> WHAT TO PRODUCE
The entries below contain a line with "OMOTON PAPERSENSE Matte" and a line with "New Premium Mini". Retype exactly everything from the first down to the second, both included, and nothing else.

> MATERIALS PROVIDED
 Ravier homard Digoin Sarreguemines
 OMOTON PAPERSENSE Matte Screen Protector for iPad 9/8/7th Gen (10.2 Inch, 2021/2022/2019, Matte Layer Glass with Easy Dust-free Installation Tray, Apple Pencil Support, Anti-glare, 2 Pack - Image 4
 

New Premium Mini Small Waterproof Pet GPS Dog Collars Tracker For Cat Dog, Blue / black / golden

* * *

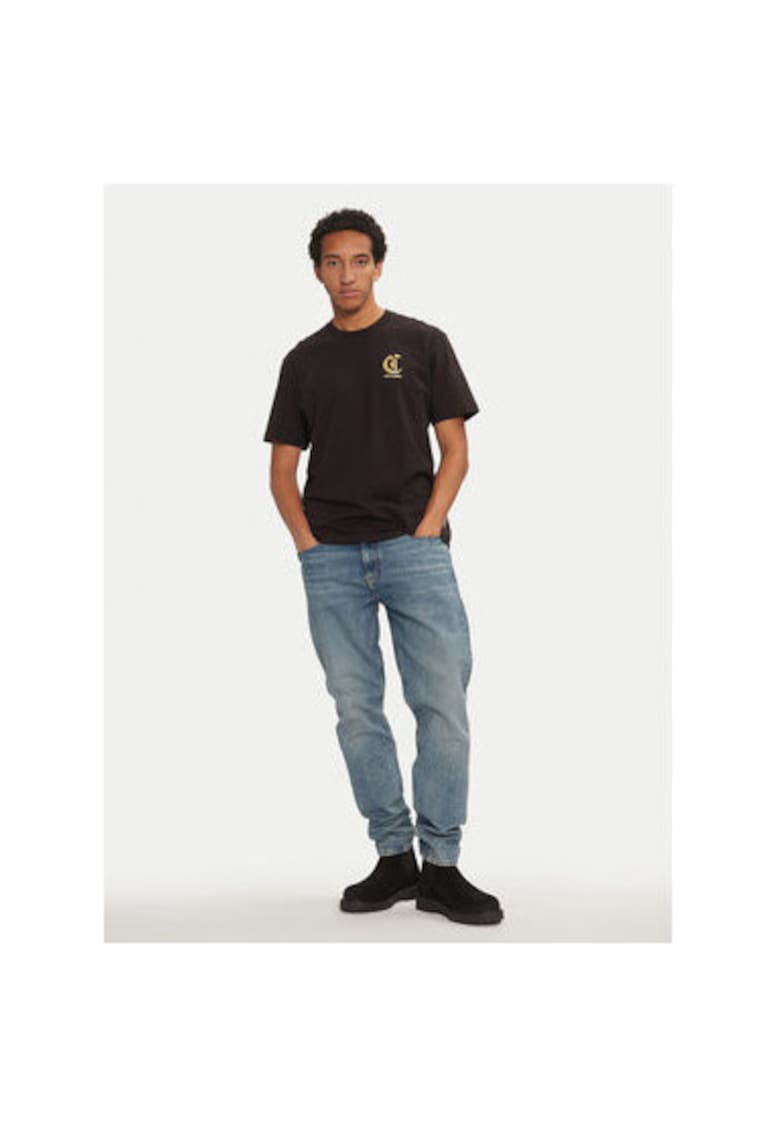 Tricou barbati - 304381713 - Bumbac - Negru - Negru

* * *

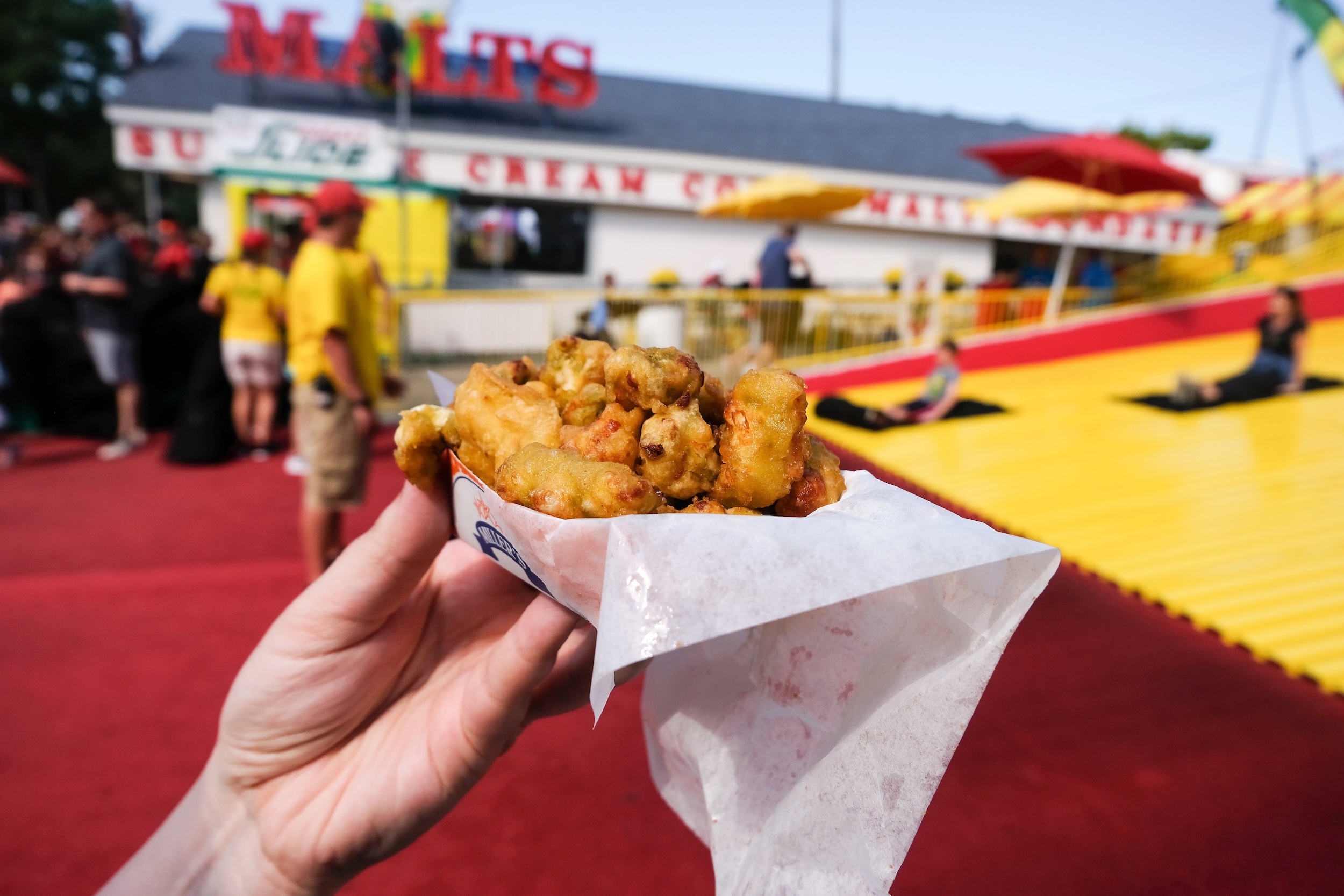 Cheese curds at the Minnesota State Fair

> SOLUTION
 OMOTON PAPERSENSE Matte Screen Protector for iPad 9/8/7th Gen (10.2 Inch, 2021/2022/2019, Matte Layer Glass with Easy Dust-free Installation Tray, Apple Pencil Support, Anti-glare, 2 Pack - Image 4
 

New Premium Mini Small Waterproof Pet GPS Dog Collars Tracker For Cat Dog, Blue / black / golden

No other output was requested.